Ритуальные инверсии: громкая «Алейну» как «ночь без страха» в немецком нитл
В немецко-ашкеназском фольклоре и ритуальной практике Нитл-нахт проявляется не только как «опасная ночь», но и как ритуальная инверсия повседневной осторожности. Именно здесь фиксируется парадоксальный литургический обычай: в ночь Нитл евреи читали молитву «Алейну» вслух, хотя в обычные дни её произносят тихо и шепотом. Сам факт необходимости читать «Алейну» шёпотом связан с исторической практикой самоконтроля: отдельные формулы молитвы могли восприниматься христианами как полемические, поэтому общины часто предпочитали не привлекать внимания. Нитл же описывается как единственный вечер в году, когда «можно» читать эту молитву в полный голос, потому что «нет опасности быть услышанными», то есть социальный риск как будто временно исчезает (в том числе потому, что христианская среда в этот вечер занята собственным ритуалом). Среди исследователей укрепилось мнение, что эта громкая «Алейну» была еврейским ответом на христианскую рождественскую молитву “Te Deum”, поскольку оба текста в своих религиозных системах маркируют триумф и символическое преодоление угрожающего чужака.

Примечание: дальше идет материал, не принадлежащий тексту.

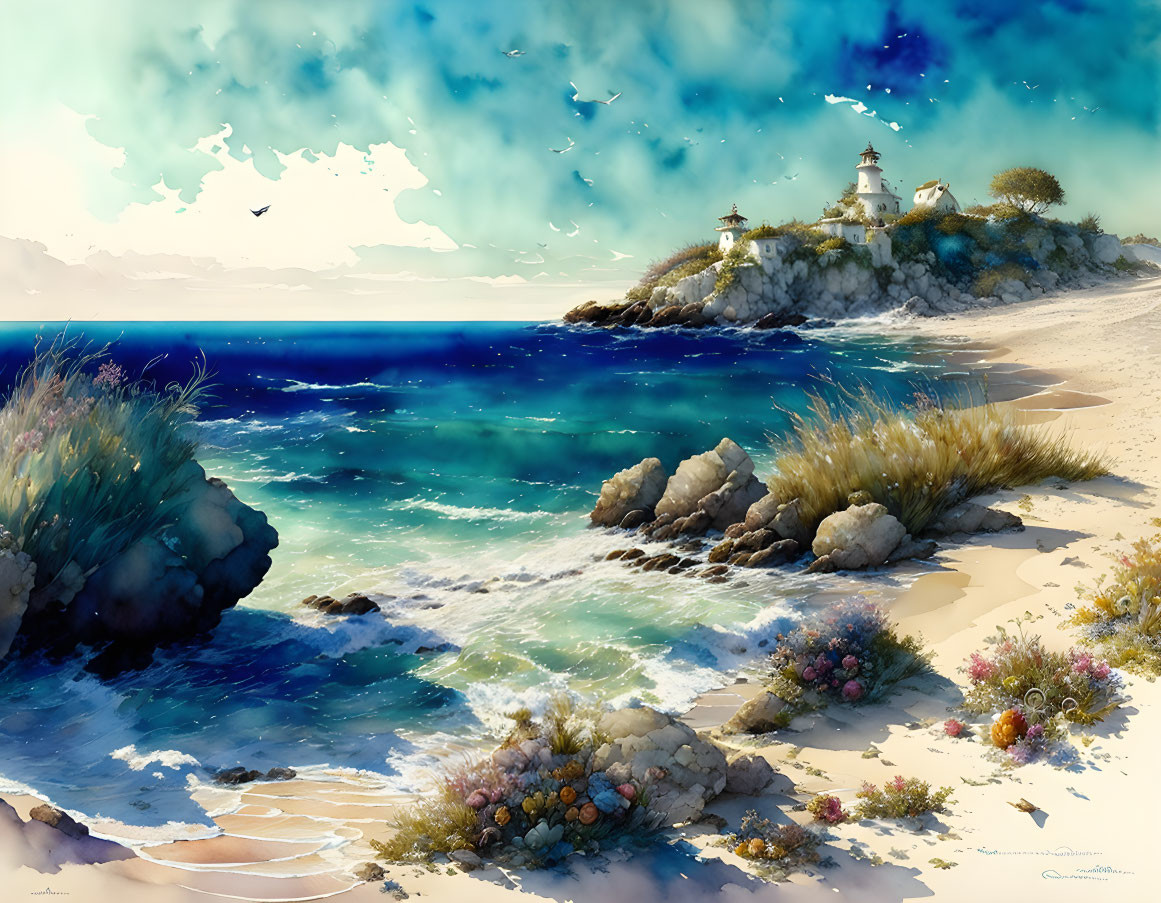 Tranquil beach scene with lighthouse, cliff, greenery, birds, stars, blue sky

Америка: ассимиляция, «Кристмука» и китайские рестораны
В Америке в конце XIX – первой половине XX века формируется обычай, который позднее станет культурным клише, семейный поход евреев в китайский ресторан в Рождество. Со временем этот поведенческий паттерн получил культурное имя. Понятие «кристмука» (Chrismukkah), гибрид Рождества и Хануки, появляется уже в конце XX века и отражает не столько религиозный синтез, сколько гибридную идентичность американских евреев, живущих в пространстве доминирующей рождественской культуры. Американский вариант нитл-нахт не унаследовал напрямую восточноевропейскую модель «опасной ночи», но сохранил её структурную логику: необходимость пережить рождественское время, не участвуя в христианском ритуале и при этом не уходя в полную изоляцию. Есть много объяснений, почему были выбраны именно китайские рестораны. Во-первых, они были практически единственными заведениями, открытыми 24–25 декабря в крупных городах США, прежде всего в Нью-Йорке. Это зафиксировано в городской прессе и воспоминаниях: европейские рестораны и магазины закрывались, тогда как китайские заведения, не связанные с христианским календарём, продолжали работать. Во-вторых, китайские рестораны воспринимались как культурно нейтральное пространство. В отличие от европейской кухни, тесно связанной с Рождеством, китайская еда не несла христианской символики. Исследователи подчёркивают, что для еврейских иммигрантов это было принципиально: ресторан становился местом, где можно было быть в общественном пространстве, но вне рождественского спектакля, давало возможность не растворяться в празднике большинства и одновременно не прятаться. В-третьих, имел значение и фактор кашрута: китайская кухня почти не использует молочные продукты, что снижало символическое напряжение нарушения диетарных границ. Это регулярно подчёркивается в мемуарных источниках и объясняет, почему именно китайская, а не любая другая «экзотическая» кухня закрепилась в качестве нормы.